The darkest of nights has always, eventually, been followed by a morning when joy came. That “eventually” may have taken excruciatingly long. Sometimes it was a somber joy. Sometimes it involved some initial teeth-gritting followed by an amazement that such great sorrow, and such heights and depths of joy, could exist in the same heart and mind in the very same instance.
But maybe it’s not me at all. Because the bottom line is that I can’t praise God for very long — I mean really praise Him rather than mouthing words — without remembering what kind of God He is. I find my perspective changing from “woe is me” to realizing that, even in the most horrific of circumstances, I have reasons for thanksgiving, even if I can’t think of one beyond, “Heaven will be better than this nightmarish horror.”

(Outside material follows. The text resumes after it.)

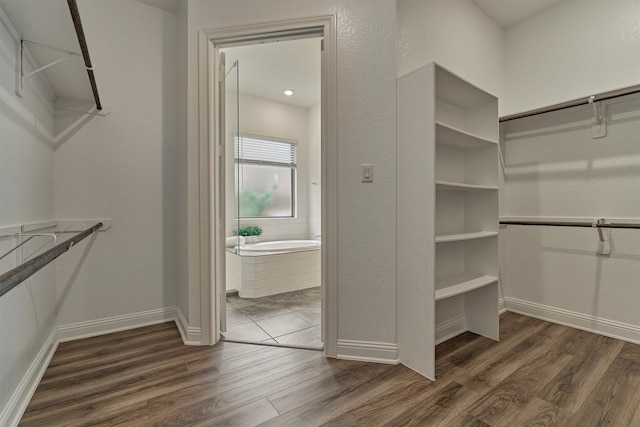 spacious closet with dark wood finished floors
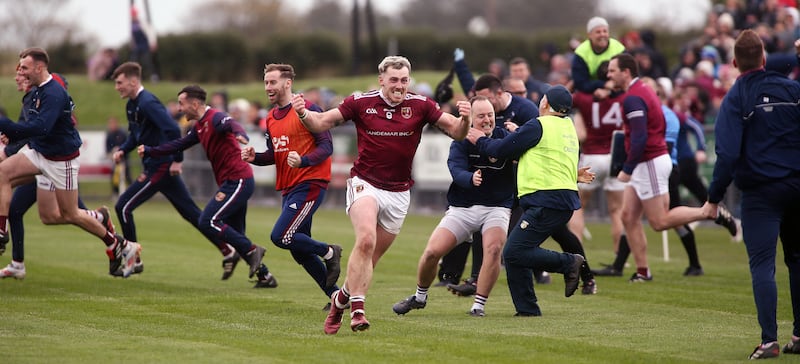 Ryan McCambridge leads the celebrations at the final whistle after Cushendall retain the Volunteer Cup at Dunloy's expense. Picture: Seamus Loughran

But then I remember Jesus. And He melts me. And He opens my eyes. Gratitude comes trickling into my spirit as I begin remembering Scripture passages that speak to whatever pain it is that I’m currently suffering. It may not happen quickly enough for me, but gratitude re-orients my thoughts and feelings. Maybe I am just unusually blessed, but it is rare (impossible?) for me to sit in God’s presence for very long without feeling enormously thankful for His extravagant, scandalous grace and generosity towards me.
Eventually more of my feelings follow. There have been valleys in my life, even valleys of the shadow of death. But, as Corrie ten Boom loved to remind us, there is no pit so deep that God’s love is not deeper still.
Today, incredible as it seems even to me, I thank God for the pits that threatened to consume me, because God’s love won out, every time. Even when I doubted or denied Him, when I wandered or ran away, He never gave up. Besides, for every pit there have been mountaintops — a few times, I have felt joy so overwhelming, so extreme, so powerful, so beyond description, that I thought if it lasted any longer with such intensity, my heart would give out and I would die. Seriously.
Because I choose to be grateful, today I choose joy. Today I choose happiness. Today I reach out with trembling, eager if still somewhat inhibited, weak and puny little hands towards the abundant life God keeps showering on me. How can I walk with Him, talk with Him, and listen to Him without — once in a while — experiencing a joy that spills over into a happiness that at least borders on giddiness?
A dear friend of mine promised me that, when I first recognized my true freedom in Christ, I would feel almost giddy about it. He was right; I still remember the moment it hit me and I wrote him an email that ended with, “Excuse me while I go out and dance in the streets.”
I know, I know. Happiness should not be our goal. It is a fleeting emotion. In many circumstances, it would be completely inappropriate to feel happy. We should be sober-minded, seek holiness, die to self, etc., etc.
But today I choose to celebrate. I probably won’t dance in the streets, because I’m still too shy and inhibited, but I’m not going to pretend that it’s somehow more spiritual to ignore all of God’s present blessings and put on a serious face just because I’m not in Heaven yet.
Little 3 year old me had it right. Life is miserable. Or at least it can be sometimes. But that’s no reason not to sing and dance some of the time — because God is good.